= Beginning of Section =

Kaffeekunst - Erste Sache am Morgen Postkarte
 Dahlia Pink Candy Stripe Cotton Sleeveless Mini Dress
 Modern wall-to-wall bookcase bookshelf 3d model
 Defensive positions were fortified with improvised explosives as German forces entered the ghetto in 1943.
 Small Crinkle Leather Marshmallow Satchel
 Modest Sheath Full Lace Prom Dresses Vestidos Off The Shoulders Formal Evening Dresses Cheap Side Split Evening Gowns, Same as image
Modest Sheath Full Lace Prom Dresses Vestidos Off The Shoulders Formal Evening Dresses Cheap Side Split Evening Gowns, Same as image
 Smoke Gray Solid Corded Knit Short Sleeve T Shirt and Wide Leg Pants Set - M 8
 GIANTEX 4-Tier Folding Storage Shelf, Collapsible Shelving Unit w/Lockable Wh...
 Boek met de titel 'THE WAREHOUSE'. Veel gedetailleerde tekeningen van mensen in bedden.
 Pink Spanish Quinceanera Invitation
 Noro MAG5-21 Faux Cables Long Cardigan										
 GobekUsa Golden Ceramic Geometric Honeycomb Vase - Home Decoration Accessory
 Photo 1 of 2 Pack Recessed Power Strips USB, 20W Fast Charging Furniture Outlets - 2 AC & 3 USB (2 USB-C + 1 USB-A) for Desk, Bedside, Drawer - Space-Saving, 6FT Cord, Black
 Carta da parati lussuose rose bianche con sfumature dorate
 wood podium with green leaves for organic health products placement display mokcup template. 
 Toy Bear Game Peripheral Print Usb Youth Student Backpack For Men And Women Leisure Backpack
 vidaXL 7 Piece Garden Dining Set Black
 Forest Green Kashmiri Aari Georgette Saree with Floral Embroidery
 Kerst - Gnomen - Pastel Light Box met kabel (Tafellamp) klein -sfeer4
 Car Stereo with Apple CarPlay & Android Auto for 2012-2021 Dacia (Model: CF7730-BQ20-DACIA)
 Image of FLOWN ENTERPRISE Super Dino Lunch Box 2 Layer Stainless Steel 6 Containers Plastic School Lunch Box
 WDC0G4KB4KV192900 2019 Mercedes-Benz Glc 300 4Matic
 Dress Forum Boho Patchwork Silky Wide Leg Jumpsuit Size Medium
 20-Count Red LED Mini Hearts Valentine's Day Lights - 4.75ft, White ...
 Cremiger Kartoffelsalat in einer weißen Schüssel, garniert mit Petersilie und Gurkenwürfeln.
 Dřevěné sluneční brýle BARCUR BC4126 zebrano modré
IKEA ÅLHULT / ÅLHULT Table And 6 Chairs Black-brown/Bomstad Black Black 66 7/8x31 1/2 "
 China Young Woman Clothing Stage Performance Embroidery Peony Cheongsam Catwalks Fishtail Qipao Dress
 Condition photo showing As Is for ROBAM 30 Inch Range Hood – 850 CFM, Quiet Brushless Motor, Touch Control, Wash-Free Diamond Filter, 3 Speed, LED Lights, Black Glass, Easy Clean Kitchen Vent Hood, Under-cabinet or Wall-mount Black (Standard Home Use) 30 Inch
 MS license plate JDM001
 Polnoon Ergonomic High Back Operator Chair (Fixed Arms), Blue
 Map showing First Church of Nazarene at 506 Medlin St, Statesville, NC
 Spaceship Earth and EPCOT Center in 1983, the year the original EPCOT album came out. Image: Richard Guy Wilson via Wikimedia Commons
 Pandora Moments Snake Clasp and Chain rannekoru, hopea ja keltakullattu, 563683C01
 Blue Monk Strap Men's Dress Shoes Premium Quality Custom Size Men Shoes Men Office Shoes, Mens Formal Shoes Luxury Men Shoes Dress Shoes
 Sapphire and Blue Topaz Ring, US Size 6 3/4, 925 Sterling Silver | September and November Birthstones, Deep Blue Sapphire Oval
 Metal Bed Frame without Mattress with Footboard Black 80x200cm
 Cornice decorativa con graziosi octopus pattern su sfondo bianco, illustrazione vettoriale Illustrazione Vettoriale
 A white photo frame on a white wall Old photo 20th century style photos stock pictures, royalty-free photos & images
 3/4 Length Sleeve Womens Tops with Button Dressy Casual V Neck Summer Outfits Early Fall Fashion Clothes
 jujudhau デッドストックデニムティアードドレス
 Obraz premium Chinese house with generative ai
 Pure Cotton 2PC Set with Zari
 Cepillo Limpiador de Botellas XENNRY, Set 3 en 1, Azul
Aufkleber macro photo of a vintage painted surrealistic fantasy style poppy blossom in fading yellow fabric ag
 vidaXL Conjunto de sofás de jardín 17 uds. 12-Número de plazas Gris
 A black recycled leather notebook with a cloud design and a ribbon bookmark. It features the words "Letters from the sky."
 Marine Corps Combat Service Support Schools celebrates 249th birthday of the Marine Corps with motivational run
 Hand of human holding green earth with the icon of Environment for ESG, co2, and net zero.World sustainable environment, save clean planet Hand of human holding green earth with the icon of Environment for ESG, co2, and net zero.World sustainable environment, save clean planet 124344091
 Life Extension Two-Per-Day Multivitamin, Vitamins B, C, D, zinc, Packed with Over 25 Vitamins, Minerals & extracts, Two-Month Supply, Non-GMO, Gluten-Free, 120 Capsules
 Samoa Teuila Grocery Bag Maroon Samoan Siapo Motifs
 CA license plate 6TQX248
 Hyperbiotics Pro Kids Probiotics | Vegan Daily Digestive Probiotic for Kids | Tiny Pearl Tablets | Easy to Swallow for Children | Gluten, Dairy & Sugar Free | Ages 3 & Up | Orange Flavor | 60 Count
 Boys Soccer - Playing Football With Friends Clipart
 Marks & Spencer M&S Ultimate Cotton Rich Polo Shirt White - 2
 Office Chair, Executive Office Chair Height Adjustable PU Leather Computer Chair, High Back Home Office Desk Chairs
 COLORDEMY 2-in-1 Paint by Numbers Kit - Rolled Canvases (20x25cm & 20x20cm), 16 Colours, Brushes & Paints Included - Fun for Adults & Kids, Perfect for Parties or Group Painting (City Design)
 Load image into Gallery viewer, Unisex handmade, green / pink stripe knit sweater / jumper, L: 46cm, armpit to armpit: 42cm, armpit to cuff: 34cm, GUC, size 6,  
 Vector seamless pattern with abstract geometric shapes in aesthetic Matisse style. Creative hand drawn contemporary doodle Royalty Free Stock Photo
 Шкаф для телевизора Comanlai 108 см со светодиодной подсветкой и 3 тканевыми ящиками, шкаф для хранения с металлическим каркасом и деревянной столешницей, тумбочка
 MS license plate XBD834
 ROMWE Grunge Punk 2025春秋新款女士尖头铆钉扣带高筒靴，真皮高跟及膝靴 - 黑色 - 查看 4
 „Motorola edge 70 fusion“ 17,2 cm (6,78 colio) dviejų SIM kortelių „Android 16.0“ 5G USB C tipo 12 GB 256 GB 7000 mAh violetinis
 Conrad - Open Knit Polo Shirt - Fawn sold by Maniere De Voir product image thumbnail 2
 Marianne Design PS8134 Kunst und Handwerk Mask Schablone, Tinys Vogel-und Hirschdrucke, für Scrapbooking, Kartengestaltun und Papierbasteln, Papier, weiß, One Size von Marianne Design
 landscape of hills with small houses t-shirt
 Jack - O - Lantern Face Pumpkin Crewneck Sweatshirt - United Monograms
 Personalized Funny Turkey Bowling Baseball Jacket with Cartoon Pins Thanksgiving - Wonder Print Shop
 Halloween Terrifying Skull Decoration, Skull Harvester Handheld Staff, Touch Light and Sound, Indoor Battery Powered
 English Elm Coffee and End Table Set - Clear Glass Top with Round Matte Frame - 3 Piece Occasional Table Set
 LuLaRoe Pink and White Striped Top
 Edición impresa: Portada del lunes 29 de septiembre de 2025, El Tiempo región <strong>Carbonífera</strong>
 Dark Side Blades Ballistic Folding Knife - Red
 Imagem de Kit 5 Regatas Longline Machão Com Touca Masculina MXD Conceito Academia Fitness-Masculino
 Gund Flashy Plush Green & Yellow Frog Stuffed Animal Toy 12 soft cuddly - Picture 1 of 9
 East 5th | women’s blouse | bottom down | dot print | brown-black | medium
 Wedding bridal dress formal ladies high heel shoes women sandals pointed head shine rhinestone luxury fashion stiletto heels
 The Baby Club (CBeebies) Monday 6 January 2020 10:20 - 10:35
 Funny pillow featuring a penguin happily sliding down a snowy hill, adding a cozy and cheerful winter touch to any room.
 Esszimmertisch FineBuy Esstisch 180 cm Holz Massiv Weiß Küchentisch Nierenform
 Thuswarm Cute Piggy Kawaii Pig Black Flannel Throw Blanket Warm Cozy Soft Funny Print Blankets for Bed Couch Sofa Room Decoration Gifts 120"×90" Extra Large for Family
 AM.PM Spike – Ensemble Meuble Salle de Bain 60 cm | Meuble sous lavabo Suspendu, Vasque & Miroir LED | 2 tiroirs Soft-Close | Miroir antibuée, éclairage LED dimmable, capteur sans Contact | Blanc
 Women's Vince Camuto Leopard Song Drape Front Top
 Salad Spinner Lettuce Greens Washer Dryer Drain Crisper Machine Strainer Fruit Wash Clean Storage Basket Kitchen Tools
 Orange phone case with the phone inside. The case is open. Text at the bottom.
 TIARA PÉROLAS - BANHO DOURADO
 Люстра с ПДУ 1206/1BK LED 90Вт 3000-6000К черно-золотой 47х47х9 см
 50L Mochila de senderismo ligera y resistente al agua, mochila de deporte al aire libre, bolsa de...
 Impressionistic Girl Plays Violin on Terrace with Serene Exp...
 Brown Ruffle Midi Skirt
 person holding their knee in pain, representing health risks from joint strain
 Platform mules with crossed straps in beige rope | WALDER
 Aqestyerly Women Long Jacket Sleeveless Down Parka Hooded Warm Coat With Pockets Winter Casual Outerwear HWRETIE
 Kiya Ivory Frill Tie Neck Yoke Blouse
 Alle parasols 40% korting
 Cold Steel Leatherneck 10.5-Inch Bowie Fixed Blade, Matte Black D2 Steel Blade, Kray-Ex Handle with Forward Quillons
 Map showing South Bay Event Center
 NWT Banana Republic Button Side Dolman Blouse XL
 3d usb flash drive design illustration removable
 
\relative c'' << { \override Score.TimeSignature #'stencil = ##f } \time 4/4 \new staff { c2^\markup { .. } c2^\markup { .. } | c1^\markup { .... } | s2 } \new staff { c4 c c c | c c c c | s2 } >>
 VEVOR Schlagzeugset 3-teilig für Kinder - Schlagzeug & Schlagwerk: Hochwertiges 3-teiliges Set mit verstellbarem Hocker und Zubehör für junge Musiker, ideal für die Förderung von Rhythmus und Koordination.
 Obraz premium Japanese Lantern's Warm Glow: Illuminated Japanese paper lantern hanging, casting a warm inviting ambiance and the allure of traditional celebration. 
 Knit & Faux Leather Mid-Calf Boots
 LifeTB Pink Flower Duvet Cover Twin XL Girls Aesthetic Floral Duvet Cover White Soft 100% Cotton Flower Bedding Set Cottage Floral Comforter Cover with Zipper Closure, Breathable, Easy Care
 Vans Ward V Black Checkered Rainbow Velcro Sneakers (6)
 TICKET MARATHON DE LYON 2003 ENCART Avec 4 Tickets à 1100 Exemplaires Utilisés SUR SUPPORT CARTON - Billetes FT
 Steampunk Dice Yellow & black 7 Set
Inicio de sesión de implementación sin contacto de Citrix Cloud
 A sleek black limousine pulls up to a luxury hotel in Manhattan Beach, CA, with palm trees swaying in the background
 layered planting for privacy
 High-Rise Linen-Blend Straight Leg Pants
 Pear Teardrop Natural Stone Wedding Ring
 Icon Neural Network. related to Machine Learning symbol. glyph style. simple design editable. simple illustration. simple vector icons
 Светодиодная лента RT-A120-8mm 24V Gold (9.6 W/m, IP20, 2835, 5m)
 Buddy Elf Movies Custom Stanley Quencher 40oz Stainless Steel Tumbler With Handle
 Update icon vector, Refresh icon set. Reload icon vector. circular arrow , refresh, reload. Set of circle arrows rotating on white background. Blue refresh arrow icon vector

= End of Section =

• EXERCISE:
Look above for the line holding "Dřevěné sluneční brýle". Print it and every line after it, exactly, through the line holding "A white photo".

• RESPONSE TO THE EXERCISE:
 Dřevěné sluneční brýle BARCUR BC4126 zebrano modré
IKEA ÅLHULT / ÅLHULT Table And 6 Chairs Black-brown/Bomstad Black Black 66 7/8x31 1/2 "
 China Young Woman Clothing Stage Performance Embroidery Peony Cheongsam Catwalks Fishtail Qipao Dress
 Condition photo showing As Is for ROBAM 30 Inch Range Hood – 850 CFM, Quiet Brushless Motor, Touch Control, Wash-Free Diamond Filter, 3 Speed, LED Lights, Black Glass, Easy Clean Kitchen Vent Hood, Under-cabinet or Wall-mount Black (Standard Home Use) 30 Inch
 MS license plate JDM001
 Polnoon Ergonomic High Back Operator Chair (Fixed Arms), Blue
 Map showing First Church of Nazarene at 506 Medlin St, Statesville, NC
 Spaceship Earth and EPCOT Center in 1983, the year the original EPCOT album came out. Image: Richard Guy Wilson via Wikimedia Commons
 Pandora Moments Snake Clasp and Chain rannekoru, hopea ja keltakullattu, 563683C01
 Blue Monk Strap Men's Dress Shoes Premium Quality Custom Size Men Shoes Men Office Shoes, Mens Formal Shoes Luxury Men Shoes Dress Shoes
 Sapphire and Blue Topaz Ring, US Size 6 3/4, 925 Sterling Silver | September and November Birthstones, Deep Blue Sapphire Oval
 Metal Bed Frame without Mattress with Footboard Black 80x200cm
 Cornice decorativa con graziosi octopus pattern su sfondo bianco, illustrazione vettoriale Illustrazione Vettoriale
 A white photo frame on a white wall Old photo 20th century style photos stock pictures, royalty-free photos & images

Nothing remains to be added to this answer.